----- Source information -----
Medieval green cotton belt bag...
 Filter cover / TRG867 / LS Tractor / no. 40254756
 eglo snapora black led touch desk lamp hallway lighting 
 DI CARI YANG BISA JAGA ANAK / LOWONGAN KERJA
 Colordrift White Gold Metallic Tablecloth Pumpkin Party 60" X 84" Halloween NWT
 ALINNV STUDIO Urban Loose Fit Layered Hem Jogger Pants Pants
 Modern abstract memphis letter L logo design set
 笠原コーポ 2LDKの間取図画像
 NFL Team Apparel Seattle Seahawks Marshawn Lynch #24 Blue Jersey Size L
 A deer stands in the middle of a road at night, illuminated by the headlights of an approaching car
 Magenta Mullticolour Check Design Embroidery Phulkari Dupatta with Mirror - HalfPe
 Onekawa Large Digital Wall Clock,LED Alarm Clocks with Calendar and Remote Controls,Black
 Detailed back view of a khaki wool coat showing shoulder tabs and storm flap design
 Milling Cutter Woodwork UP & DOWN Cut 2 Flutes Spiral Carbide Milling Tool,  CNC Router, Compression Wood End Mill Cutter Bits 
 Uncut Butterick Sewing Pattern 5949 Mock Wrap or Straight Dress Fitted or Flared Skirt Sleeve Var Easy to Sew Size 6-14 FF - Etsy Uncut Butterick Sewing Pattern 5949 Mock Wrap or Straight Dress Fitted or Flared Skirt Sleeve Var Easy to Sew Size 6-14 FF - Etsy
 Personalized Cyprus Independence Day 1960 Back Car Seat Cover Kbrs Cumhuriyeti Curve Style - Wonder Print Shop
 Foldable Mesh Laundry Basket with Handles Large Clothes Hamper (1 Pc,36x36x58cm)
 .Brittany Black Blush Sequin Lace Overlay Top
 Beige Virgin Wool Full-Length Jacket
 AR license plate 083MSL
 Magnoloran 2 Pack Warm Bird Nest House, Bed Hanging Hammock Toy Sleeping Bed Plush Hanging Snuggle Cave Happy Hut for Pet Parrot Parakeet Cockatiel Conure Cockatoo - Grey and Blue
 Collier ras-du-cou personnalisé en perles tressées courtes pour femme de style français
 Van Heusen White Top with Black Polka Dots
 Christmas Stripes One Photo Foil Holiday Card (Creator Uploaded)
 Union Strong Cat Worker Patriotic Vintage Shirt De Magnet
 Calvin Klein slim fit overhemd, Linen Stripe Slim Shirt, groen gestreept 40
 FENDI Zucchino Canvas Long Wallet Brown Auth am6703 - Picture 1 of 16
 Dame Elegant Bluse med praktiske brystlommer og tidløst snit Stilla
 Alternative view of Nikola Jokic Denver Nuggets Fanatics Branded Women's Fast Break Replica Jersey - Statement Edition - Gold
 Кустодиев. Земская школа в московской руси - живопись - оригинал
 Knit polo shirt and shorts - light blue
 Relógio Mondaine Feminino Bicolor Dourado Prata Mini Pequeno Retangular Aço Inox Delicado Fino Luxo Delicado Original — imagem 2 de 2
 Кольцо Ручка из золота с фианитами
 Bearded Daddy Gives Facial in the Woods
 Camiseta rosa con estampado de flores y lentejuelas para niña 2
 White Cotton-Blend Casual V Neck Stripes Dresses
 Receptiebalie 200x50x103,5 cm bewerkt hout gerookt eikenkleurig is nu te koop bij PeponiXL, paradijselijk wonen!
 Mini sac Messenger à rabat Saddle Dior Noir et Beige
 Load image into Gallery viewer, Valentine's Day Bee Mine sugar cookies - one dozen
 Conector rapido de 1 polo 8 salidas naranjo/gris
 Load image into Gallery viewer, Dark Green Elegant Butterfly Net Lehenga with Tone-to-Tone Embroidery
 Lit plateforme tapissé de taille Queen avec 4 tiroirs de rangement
-----
Task to complete: Give back the records above exactly, limited to the lines between the one holding "Colordrift White Gold" and the one holding "Magnoloran 2 Pack", inclusive.

Your response:
 Colordrift White Gold Metallic Tablecloth Pumpkin Party 60" X 84" Halloween NWT
 ALINNV STUDIO Urban Loose Fit Layered Hem Jogger Pants Pants
 Modern abstract memphis letter L logo design set
 笠原コーポ 2LDKの間取図画像
 NFL Team Apparel Seattle Seahawks Marshawn Lynch #24 Blue Jersey Size L
 A deer stands in the middle of a road at night, illuminated by the headlights of an approaching car
 Magenta Mullticolour Check Design Embroidery Phulkari Dupatta with Mirror - HalfPe
 Onekawa Large Digital Wall Clock,LED Alarm Clocks with Calendar and Remote Controls,Black
 Detailed back view of a khaki wool coat showing shoulder tabs and storm flap design
 Milling Cutter Woodwork UP & DOWN Cut 2 Flutes Spiral Carbide Milling Tool,  CNC Router, Compression Wood End Mill Cutter Bits 
 Uncut Butterick Sewing Pattern 5949 Mock Wrap or Straight Dress Fitted or Flared Skirt Sleeve Var Easy to Sew Size 6-14 FF - Etsy Uncut Butterick Sewing Pattern 5949 Mock Wrap or Straight Dress Fitted or Flared Skirt Sleeve Var Easy to Sew Size 6-14 FF - Etsy
 Personalized Cyprus Independence Day 1960 Back Car Seat Cover Kbrs Cumhuriyeti Curve Style - Wonder Print Shop
 Foldable Mesh Laundry Basket with Handles Large Clothes Hamper (1 Pc,36x36x58cm)
 .Brittany Black Blush Sequin Lace Overlay Top
 Beige Virgin Wool Full-Length Jacket
 AR license plate 083MSL
 Magnoloran 2 Pack Warm Bird Nest House, Bed Hanging Hammock Toy Sleeping Bed Plush Hanging Snuggle Cave Happy Hut for Pet Parrot Parakeet Cockatiel Conure Cockatoo - Grey and Blue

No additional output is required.